Sie sprang auf und fegte mit einem Fußtritt die drei Runen beiseite, die auf dem Boden aufgereiht lagen.
Gwydion starrte mit großen Augen auf die über den Boden zerstreuten Holzplättchen, unfähig zu begreifen, dass sie es gewagt hatte, ein derartiges Sakrileg zu begehen.
»Ich soll sie aussetzen, ist es das, ja? Ich soll sie alleine im Wald zurücklassen, obwohl sie nicht einmal einen Tag alt ist, und sie ... wie hast du dich ausgedrückt, sie soll ihrem Schicksal allein die Stirne bieten?«
»Lliane«, murmelte Gwydion. »Die Runen ...«
Die Königin stieß einen wütenden Schrei aus, stieß Lleu Llaw Gyffes, der in die Hocke gegangen war, um die wertvollen Plättchen einzusammeln, beiseite und lief, ohne sich noch einmal umzudrehen, zu ihrer Hütte hinüber.
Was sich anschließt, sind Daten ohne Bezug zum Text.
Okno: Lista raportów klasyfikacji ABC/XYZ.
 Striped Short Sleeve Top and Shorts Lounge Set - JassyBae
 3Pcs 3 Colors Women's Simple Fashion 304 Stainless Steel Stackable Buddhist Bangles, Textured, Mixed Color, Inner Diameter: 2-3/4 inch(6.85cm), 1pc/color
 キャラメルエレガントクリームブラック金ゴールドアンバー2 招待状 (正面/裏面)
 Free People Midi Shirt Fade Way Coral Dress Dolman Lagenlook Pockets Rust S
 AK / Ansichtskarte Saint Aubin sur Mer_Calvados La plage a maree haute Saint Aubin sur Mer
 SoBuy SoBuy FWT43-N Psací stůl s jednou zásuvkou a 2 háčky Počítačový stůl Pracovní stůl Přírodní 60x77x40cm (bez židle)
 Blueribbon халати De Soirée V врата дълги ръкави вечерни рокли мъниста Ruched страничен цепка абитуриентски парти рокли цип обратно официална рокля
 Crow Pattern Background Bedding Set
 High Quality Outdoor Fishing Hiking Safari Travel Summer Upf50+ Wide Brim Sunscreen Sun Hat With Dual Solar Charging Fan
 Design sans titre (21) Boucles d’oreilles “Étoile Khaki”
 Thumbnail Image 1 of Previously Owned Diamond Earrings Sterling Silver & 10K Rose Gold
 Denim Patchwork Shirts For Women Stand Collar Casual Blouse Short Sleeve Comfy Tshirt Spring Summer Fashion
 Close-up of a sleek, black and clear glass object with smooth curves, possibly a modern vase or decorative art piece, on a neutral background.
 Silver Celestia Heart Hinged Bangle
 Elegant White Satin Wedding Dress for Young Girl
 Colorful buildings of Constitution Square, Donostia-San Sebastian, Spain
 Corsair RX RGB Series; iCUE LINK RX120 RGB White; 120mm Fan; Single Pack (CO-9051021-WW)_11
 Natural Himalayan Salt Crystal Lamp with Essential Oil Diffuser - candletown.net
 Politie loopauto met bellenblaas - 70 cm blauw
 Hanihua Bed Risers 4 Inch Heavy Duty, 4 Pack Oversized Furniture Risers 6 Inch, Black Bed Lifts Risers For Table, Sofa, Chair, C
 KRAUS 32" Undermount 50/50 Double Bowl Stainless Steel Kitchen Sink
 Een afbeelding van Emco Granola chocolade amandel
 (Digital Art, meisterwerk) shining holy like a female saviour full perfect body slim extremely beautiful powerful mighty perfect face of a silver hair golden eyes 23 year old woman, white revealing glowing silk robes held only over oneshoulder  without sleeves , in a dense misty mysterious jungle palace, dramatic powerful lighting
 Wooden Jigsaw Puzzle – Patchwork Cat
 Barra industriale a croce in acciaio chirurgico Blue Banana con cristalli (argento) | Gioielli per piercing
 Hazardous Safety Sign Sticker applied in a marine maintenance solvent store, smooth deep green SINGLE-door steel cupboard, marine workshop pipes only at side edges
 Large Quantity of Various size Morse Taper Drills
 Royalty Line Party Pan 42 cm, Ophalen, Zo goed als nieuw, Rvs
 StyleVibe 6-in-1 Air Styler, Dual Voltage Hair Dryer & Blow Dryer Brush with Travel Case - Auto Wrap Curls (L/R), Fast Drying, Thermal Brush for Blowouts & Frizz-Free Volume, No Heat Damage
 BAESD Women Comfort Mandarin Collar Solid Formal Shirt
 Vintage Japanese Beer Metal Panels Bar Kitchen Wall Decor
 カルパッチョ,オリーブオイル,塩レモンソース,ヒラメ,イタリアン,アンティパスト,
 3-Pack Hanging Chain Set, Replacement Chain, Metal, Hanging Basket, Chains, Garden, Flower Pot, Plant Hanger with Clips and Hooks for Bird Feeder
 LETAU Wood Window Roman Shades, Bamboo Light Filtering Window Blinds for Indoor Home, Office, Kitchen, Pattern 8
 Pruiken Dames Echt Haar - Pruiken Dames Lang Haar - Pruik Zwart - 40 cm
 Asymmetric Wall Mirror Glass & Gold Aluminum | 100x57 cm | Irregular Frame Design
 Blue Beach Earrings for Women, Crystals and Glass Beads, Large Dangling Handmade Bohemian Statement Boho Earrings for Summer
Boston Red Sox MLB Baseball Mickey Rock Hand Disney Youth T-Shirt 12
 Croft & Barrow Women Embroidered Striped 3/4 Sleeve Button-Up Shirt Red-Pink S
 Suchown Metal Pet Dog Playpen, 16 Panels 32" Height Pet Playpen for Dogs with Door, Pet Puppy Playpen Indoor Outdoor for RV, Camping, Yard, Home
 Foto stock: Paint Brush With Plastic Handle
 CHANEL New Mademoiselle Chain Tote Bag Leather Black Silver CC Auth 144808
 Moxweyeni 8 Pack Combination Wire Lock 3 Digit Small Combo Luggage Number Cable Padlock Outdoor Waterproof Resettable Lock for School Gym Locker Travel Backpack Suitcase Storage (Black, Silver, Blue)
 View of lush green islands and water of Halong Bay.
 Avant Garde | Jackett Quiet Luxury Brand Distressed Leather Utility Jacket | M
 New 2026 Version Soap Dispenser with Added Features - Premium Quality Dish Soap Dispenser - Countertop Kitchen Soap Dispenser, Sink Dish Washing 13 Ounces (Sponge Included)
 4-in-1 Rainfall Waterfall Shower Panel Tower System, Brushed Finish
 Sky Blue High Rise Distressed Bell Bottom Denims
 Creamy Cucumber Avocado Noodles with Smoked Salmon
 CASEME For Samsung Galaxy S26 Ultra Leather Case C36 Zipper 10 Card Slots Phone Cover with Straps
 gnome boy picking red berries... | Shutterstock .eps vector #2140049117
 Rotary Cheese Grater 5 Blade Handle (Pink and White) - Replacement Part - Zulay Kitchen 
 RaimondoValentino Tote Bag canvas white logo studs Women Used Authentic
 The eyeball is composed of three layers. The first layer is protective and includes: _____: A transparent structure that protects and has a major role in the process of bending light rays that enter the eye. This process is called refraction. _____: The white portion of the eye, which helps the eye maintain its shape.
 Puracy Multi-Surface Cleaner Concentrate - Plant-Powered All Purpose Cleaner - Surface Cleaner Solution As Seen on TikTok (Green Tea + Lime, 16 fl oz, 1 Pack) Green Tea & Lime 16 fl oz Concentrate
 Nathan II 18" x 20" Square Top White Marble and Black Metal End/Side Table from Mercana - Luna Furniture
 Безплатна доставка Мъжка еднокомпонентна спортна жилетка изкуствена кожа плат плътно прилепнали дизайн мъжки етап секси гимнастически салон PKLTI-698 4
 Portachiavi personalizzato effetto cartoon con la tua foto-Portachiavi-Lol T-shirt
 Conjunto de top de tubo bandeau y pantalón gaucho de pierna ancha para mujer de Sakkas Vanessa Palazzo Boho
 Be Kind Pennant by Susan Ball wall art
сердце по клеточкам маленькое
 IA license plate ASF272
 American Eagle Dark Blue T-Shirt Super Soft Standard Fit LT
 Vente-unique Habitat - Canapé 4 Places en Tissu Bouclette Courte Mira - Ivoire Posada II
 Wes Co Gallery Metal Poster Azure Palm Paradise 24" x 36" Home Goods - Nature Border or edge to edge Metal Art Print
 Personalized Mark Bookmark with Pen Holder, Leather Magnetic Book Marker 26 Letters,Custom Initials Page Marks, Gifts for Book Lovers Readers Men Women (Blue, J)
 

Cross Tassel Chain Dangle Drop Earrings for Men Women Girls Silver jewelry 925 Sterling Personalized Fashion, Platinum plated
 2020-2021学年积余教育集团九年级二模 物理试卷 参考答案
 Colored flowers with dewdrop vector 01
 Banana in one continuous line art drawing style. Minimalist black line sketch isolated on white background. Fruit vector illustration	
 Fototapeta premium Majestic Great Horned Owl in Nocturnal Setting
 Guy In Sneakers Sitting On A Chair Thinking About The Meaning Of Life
Im Wald kehrte wieder Stille ein. Gwydion erhob sich mühsam, auf den Arm seines Ollamh gestützt. Blodeuwez und die beiden Brüder senkten die Köpfe; sie vermieden es, dem alten Druiden in die Augen zu sehen, und schielten unschlüssig zu Llianes Hütte hinüber. Vermutlich weinte sie dort, hingesunken am Fuße von Rhiannons Lager. Oder vielleicht hielt sie sie eng umschlungen, einsamer, als je irgendeine Mutter gewesen war.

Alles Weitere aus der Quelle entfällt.